DATA FOR THIS EXERCISE:
<<<<

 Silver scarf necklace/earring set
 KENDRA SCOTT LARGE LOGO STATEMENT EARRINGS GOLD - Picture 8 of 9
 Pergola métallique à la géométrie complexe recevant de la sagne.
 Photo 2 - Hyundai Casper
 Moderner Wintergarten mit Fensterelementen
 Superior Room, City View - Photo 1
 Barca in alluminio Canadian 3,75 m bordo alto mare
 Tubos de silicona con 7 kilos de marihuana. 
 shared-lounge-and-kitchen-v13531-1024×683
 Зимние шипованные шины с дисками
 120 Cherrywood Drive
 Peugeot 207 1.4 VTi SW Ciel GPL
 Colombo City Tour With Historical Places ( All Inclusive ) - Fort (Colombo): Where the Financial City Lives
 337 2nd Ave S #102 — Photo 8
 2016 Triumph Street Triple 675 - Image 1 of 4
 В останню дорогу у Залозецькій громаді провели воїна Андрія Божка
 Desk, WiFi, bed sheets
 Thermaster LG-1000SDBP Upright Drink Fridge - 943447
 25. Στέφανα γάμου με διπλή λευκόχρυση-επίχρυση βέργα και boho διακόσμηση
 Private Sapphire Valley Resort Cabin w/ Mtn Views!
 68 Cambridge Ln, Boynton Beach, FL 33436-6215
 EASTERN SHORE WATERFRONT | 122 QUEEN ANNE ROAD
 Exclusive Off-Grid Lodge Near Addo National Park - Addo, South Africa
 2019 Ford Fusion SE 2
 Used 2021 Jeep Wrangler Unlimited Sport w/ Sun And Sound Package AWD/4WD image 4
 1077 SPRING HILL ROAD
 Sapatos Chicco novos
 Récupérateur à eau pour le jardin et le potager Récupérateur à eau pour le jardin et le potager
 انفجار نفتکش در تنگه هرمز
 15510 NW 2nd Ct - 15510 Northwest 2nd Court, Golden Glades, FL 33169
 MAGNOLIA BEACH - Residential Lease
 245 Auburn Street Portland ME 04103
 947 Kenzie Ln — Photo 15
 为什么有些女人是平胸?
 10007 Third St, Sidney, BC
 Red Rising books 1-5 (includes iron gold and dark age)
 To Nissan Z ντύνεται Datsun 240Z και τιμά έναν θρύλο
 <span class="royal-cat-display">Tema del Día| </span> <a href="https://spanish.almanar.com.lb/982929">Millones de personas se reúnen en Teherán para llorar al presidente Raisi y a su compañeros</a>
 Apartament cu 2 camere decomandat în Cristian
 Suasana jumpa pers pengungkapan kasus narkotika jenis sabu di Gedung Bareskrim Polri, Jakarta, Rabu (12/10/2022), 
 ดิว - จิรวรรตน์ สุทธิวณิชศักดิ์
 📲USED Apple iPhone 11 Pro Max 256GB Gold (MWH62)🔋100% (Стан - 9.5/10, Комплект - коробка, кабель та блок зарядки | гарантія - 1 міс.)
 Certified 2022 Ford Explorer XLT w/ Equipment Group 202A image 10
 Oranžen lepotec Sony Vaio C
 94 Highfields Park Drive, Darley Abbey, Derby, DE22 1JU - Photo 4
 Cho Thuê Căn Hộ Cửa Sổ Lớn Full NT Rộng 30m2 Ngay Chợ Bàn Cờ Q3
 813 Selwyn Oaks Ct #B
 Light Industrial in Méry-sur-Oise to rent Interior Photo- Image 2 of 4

>>>>

ASSIGNMENT: Find the word "Park" in the material, then list each line that holds it.

RESULT OF THE TASK:
 Exclusive Off-Grid Lodge Near Addo National Park - Addo, South Africa
 94 Highfields Park Drive, Darley Abbey, Derby, DE22 1JU - Photo 4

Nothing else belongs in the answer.